#### Try it:
The stretch wanted below opens at the line containing "2024 修理 テスラ" and closes at the line containing "Dynamite Square Ceiling". Please return it exactly, with no other lines.

☆ ☆ ☆ ☆ ☆ ☆ ☆

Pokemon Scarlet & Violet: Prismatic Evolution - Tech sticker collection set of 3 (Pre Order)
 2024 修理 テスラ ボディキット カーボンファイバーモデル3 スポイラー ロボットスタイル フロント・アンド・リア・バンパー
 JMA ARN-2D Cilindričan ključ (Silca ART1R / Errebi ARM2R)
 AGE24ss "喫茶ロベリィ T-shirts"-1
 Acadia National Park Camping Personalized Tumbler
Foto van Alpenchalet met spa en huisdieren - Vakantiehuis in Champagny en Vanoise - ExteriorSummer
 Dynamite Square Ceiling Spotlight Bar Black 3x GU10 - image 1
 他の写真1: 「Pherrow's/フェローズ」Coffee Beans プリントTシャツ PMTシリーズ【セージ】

☆ ☆ ☆ ☆ ☆ ☆ ☆

#### Solution:
 2024 修理 テスラ ボディキット カーボンファイバーモデル3 スポイラー ロボットスタイル フロント・アンド・リア・バンパー
 JMA ARN-2D Cilindričan ključ (Silca ART1R / Errebi ARM2R)
 AGE24ss "喫茶ロベリィ T-shirts"-1
 Acadia National Park Camping Personalized Tumbler
Foto van Alpenchalet met spa en huisdieren - Vakantiehuis in Champagny en Vanoise - ExteriorSummer
 Dynamite Square Ceiling Spotlight Bar Black 3x GU10 - image 1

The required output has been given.